Vereadores articulam Frente Parlamentar Contra o Pedágio

Projeto de Decreto Legislativo para criar Frente ganhou o apoio dos vereadores
Projeto de Decreto Legislativo para criar Frente ganhou o apoio dos vereadores - FOTO: Diego Barbieri/CMMC

A Câmara de Vereadores de Mogi das Cruzes começou na tarde de ontem mais uma articulação para impedir a instalação de uma praça de pedágio na rodovia Mogi-Dutra (SP-88), com o envio às comissões do projeto de Decreto Legislativo que cria a Frente Parlamentar Contra o Pedágio em Mogi.

A iniciativa foi assinada por um grupo de vereadores descontentes com a retomada do governo do Estado em privatizar a rodovia que é de responsabilidade do município. 

A vereadora Maria Luiza Fernandes (SD), a Malu Fernandes, foi a primeira a pedir o apoio dos vereadores, ressaltando a necessidade de união entre os parlamentares contra o projeto de instalação da praça de pedágio. "Nosso objetivo é unir a Casa de Leis e articular com a sociedade e com nossos aliados na Assembleia Legislativa contra este projeto", afirmou.

Vereadores do campo progressista colocaram-se prontamente favoráveis à criação da frente parlamentar.
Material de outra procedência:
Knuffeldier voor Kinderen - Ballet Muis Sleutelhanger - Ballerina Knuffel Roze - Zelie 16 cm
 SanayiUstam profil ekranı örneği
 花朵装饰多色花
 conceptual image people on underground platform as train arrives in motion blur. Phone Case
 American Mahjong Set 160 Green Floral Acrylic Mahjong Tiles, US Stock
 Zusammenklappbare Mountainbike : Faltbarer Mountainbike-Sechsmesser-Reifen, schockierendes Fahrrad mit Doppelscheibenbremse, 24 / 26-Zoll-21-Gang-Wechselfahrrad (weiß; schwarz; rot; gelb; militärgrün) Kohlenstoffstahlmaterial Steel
A vereadora Inês Paz (Psol) lembrou que a união entre vereadores e a comunidade impediu a instalação de um aterro sanitário em Mogi no passado, enquanto que Iduigues Martins (PT) defendeu que o projeto visa apenas extrair o lucro às custas da população e do comércio locais.

O líder do governo na Câmara, Marcos Furlan (DEM), defendeu a Frente Parlamentar como mais um instrumento a ser utilizado pela Casa de Leis. "A Frente Parlamentar é fundamental para representar nosso descontentamento com a possibilidade de sermos penalizados com este pedágio", afirmou.

O presidente do Legislativo, vereador Otto Rezende (PSD), afirmou que a cidade "está em guerra contra a Artesp", a agência reguladora estadual que trata do transporte rodoviário. "Temos que estar unidos, e vamos buscar o apoio da Prefeitura e da sociedade civil para mais manifestações contra o pedágio", afirmou.

Caso Photoshop

A Câmara também realizou, durante o período para explicações pessoais, o debate sobre a polêmica na semana envolvendo o prefeito mogiano, Caio Cunha (Pode), na qual uma publicação alterada por computador no gabinete do ministro Gilson Machado Neto (Turismo) em que foi retirada a imagem do presidente Jair Bolsonaro (sem partido), o que gerou uma crise entre o governo federal e a administração municipal.

Vereadores de diversos grupos políticos criticaram a ação da equipe responsável pelas mídias sociais do prefeito, ressaltando que o papel institucional do chefe do Executivo deve ser mantida em tempo integral, mesmo em suas contas particulares, e defenderam uma retratação junto ao gabinete do ministro Machado Neto.

O vereador Marcos Furlan declarou que todas as medidas foram tomadas o mais rápido possível, e que o prefeito de Mogi das Cruzes se encontrará novamente com o ministro para desfazer todos os mal-entendidos. "Acredito que, neste momento, a resolução deste caso é primordial, e que todos os esclarecimentos aos vereadores serão feitos", concluiu.